● Problem details: Check every line below, and copy those that include "para".

Data excerpts:
━━━━━━━━━━━━━━━━━━━━

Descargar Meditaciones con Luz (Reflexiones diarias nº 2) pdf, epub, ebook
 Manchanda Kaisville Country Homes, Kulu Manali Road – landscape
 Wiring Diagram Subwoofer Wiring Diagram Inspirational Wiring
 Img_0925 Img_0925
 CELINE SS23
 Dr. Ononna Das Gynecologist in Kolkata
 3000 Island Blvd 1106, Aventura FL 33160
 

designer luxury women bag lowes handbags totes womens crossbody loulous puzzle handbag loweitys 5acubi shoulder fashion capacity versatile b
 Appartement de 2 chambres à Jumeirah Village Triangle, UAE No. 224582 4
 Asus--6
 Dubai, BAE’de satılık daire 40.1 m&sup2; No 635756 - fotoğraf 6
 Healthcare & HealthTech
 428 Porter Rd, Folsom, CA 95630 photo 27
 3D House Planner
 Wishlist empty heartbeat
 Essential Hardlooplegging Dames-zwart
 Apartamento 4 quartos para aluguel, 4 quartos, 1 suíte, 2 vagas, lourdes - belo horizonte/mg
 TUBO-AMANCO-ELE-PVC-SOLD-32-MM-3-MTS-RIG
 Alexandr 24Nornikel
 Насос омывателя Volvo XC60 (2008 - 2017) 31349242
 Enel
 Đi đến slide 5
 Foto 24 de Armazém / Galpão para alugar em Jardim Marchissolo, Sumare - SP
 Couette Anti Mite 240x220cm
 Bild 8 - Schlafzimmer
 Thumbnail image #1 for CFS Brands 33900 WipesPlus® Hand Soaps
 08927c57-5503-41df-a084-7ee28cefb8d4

━━━━━━━━━━━━━━━━━━━━

● Result below:
 Apartamento 4 quartos para aluguel, 4 quartos, 1 suíte, 2 vagas, lourdes - belo horizonte/mg
 Foto 24 de Armazém / Galpão para alugar em Jardim Marchissolo, Sumare - SP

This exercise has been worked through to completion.